▸ **Exercise instructions**
This exercise calls for every line of the data below with the string "Used" in it.
┌─ Excerpted data
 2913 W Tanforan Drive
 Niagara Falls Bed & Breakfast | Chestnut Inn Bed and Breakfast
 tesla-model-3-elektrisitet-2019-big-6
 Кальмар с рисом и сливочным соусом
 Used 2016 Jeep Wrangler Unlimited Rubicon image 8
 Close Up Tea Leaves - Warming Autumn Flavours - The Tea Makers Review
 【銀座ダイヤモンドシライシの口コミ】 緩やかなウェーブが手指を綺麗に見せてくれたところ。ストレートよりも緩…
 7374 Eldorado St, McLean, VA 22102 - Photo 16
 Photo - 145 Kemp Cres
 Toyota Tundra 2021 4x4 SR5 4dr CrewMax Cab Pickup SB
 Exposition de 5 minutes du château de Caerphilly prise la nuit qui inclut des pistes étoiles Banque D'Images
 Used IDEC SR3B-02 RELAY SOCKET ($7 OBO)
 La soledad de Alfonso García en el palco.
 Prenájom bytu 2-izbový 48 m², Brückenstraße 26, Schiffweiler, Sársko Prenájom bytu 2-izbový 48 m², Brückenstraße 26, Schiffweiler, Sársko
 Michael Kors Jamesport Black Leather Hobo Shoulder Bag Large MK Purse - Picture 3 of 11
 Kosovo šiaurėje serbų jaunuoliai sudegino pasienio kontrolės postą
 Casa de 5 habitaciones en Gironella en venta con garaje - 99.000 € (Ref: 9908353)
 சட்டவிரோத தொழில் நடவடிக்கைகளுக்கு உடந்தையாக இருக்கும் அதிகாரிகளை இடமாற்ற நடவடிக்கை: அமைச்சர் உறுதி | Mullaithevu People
└─
▸ **Completed exercise**
 Used 2016 Jeep Wrangler Unlimited Rubicon image 8
 Used IDEC SR3B-02 RELAY SOCKET ($7 OBO)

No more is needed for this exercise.